**RECORDED DATA**

────────────────────

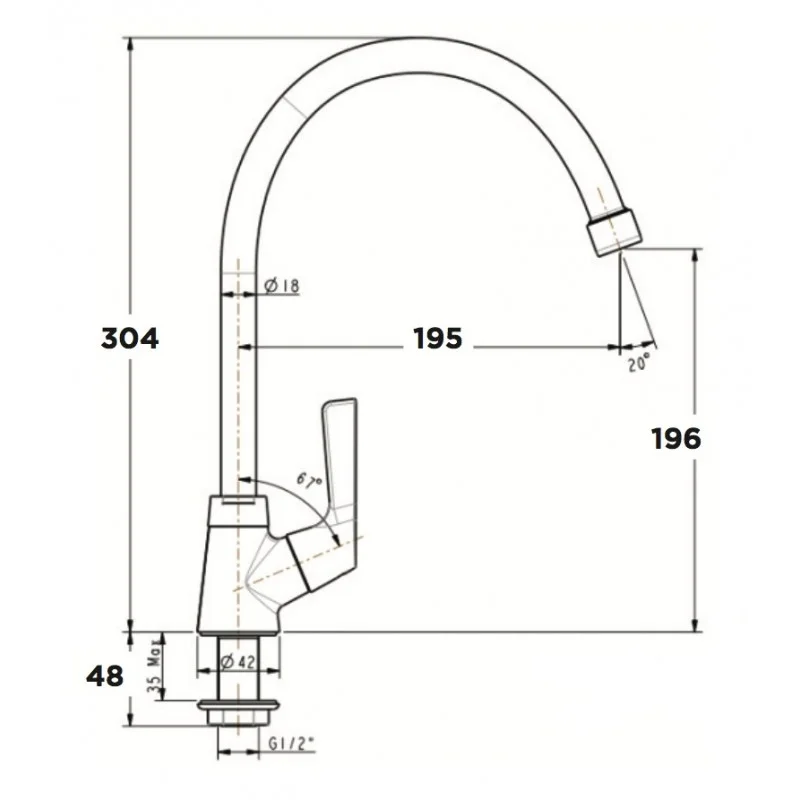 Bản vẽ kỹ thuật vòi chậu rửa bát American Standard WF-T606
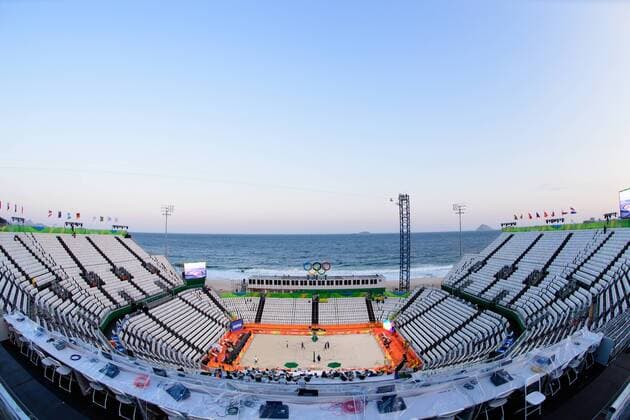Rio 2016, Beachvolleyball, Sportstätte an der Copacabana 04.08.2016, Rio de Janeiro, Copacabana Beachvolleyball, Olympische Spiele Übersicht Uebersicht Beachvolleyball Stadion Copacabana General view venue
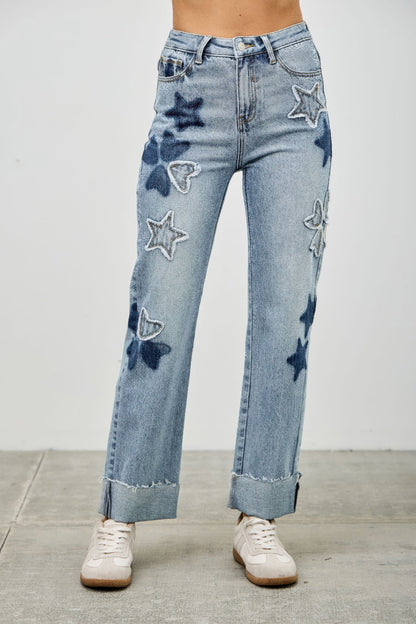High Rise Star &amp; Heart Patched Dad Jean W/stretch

────────────────────

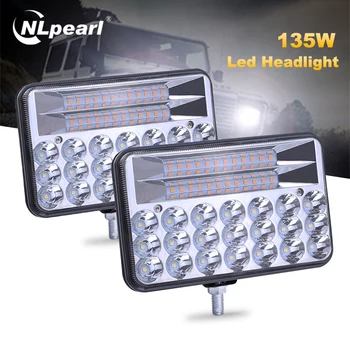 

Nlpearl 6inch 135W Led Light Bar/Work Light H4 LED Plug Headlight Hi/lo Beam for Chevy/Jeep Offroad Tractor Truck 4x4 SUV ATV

────────────────────

**TO DO**
Although pictures appear among the records above, none are to be output; print exactly the lines from the line containing "Rio 2016, Beachvolleyball, Sportstätte" through the line containing "High Rise Star".

**WRITTEN ANSWER**
Rio 2016, Beachvolleyball, Sportstätte an der Copacabana 04.08.2016, Rio de Janeiro, Copacabana Beachvolleyball, Olympische Spiele Übersicht Uebersicht Beachvolleyball Stadion Copacabana General view venue
High Rise Star &amp; Heart Patched Dad Jean W/stretch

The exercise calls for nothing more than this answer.